# STUDY MATERIAL
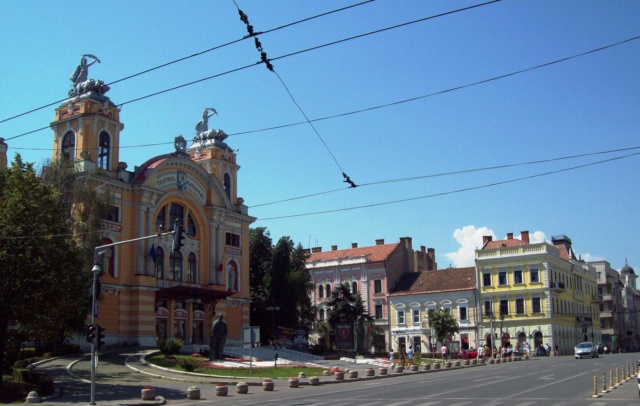 ...Cluj-Napoca,diverse,... 100_8629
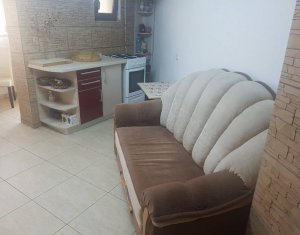 Lakás 2 szobák kiadó on Cluj-napoca, Zóna Marasti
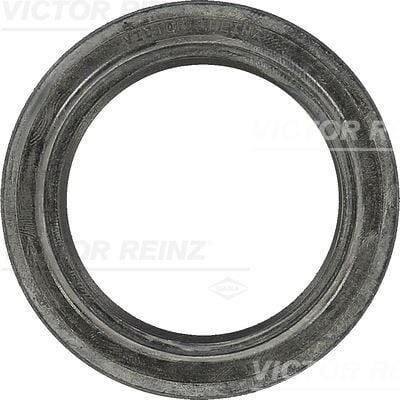 V.REINZ 813589600 EKSANTRİK KEÇESİ FORD TRANSİT 92> T12-T15 - Görsel 1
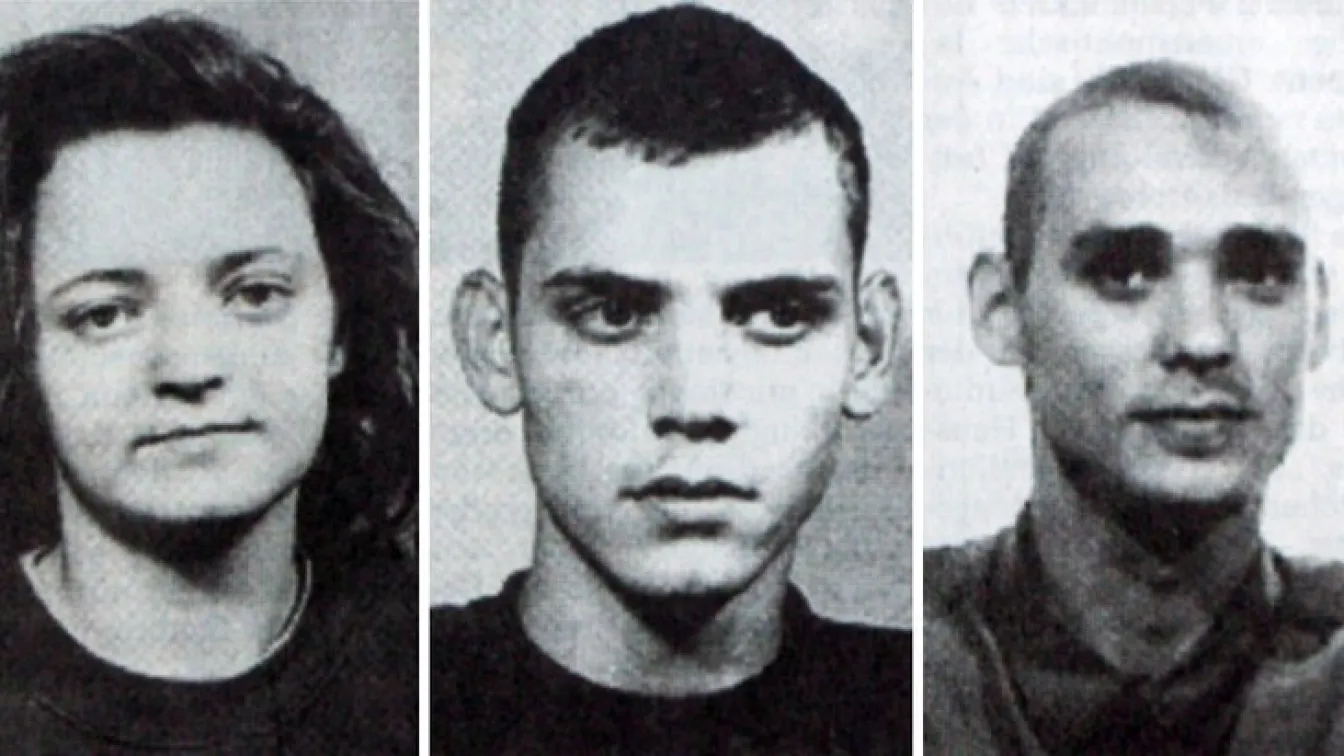 Германия започва важен процес срещу неонацисти за убийства на имигранти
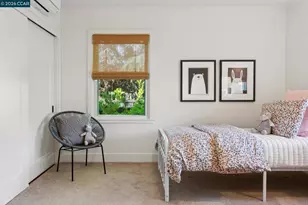 2065 Stewart Ave, Walnut Creek, CA 94596 - Photo 30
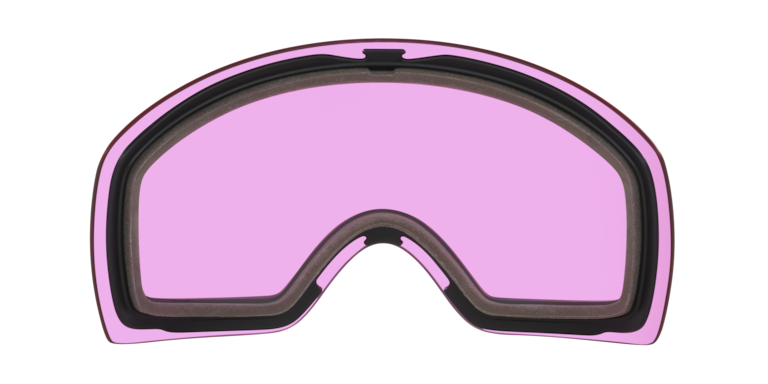 Flight Deck™ M Replacement Lenses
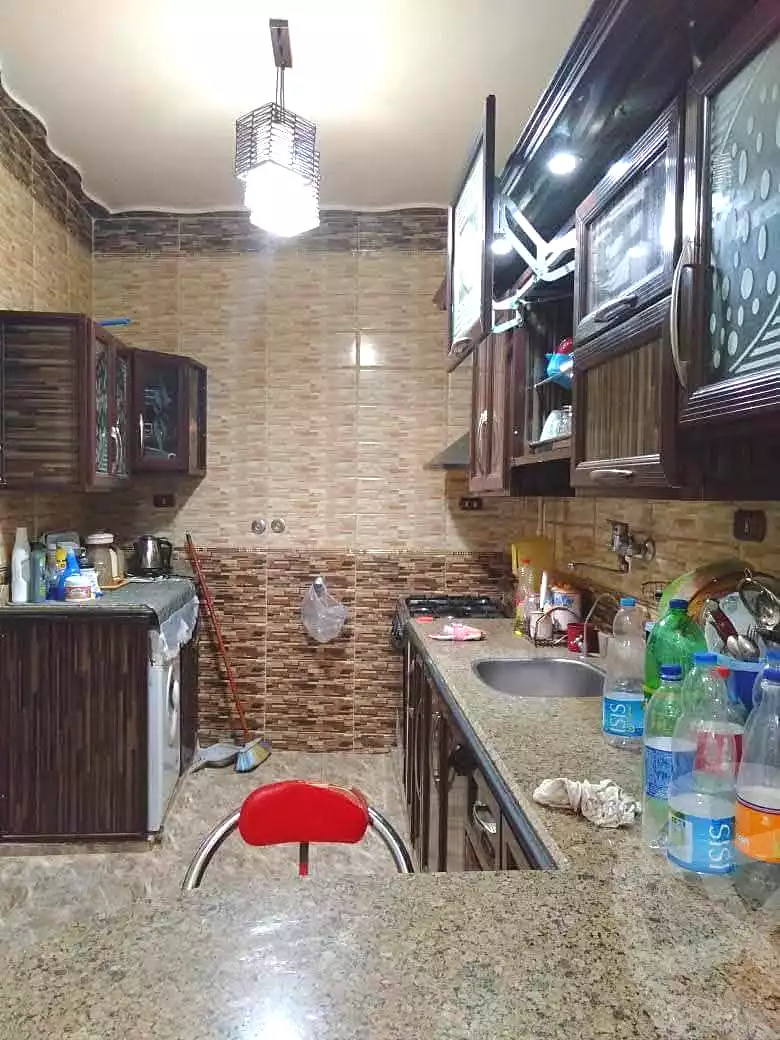 https://aqarmap.com.eg/ar/listing/7041049-for-sale-alexandria-al-agamy-bw-ywsf
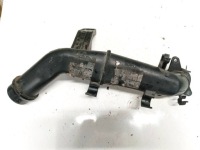 Купити Opel insignia патрубок інтеркулер 2011 2.0l 13240176, фото thumb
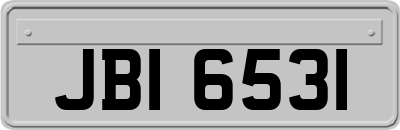 JBI6531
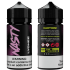 NASTY Modmate - Lychee (100ml) 0mg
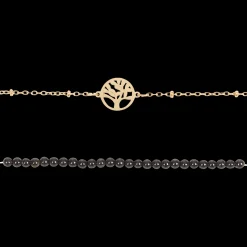 Action Uhren & Schmuck<Armbänder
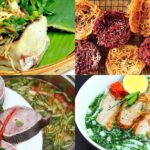 ẩm thục mũi né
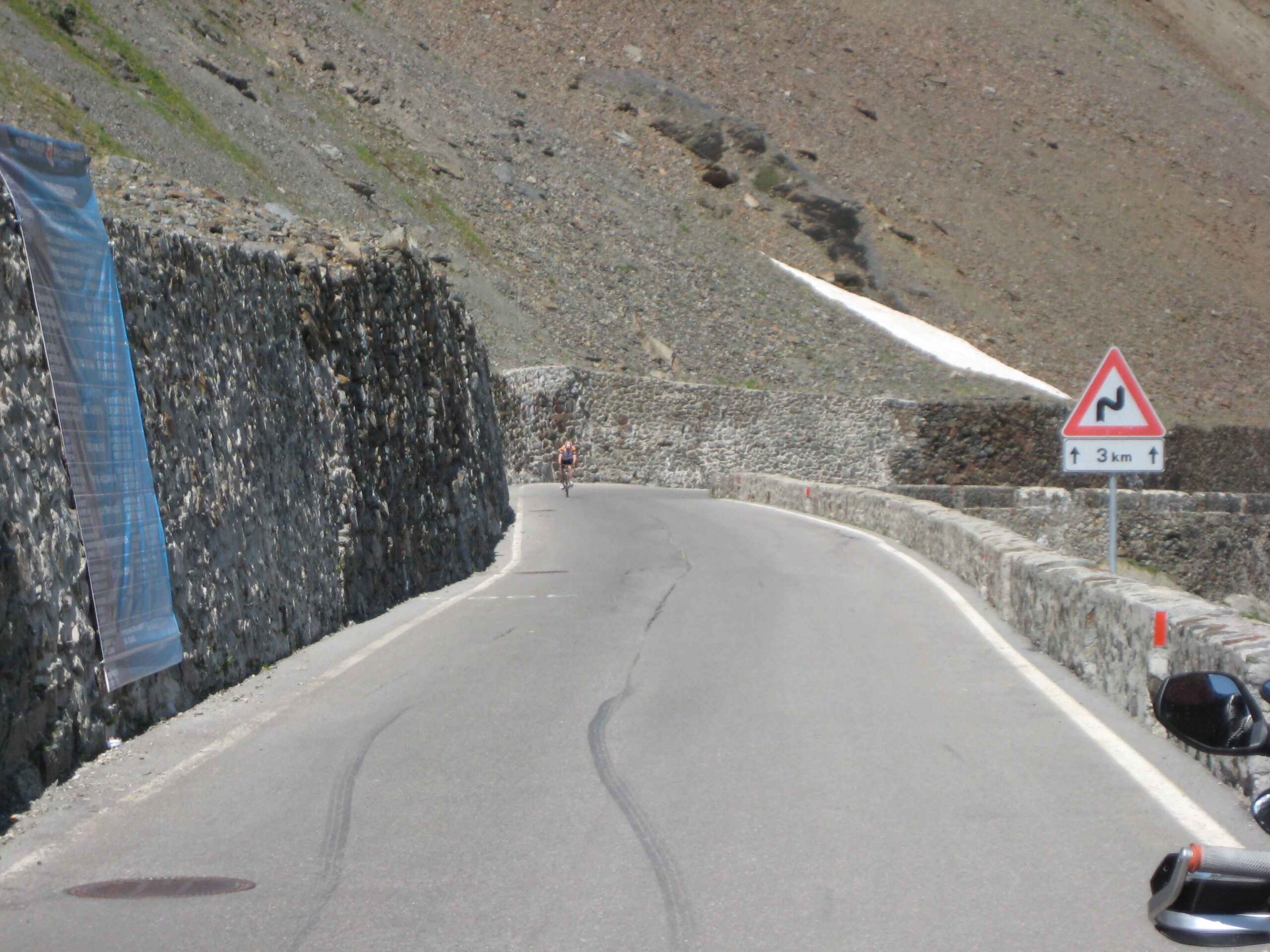 2013-Meran-Tag6 (45)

# TASK BRIEF
Retype the data exactly; images stay out.

# WORKED SOLUTION
 ...Cluj-Napoca,diverse,... 100_8629
 Lakás 2 szobák kiadó on Cluj-napoca, Zóna Marasti
 V.REINZ 813589600 EKSANTRİK KEÇESİ FORD TRANSİT 92> T12-T15 - Görsel 1
 Германия започва важен процес срещу неонацисти за убийства на имигранти
 2065 Stewart Ave, Walnut Creek, CA 94596 - Photo 30
 Flight Deck™ M Replacement Lenses
 https://aqarmap.com.eg/ar/listing/7041049-for-sale-alexandria-al-agamy-bw-ywsf
 Купити Opel insignia патрубок інтеркулер 2011 2.0l 13240176, фото thumb
 JBI6531
 NASTY Modmate - Lychee (100ml) 0mg
 Action Uhren & Schmuck<Armbänder
 ẩm thục mũi né
 2013-Meran-Tag6 (45)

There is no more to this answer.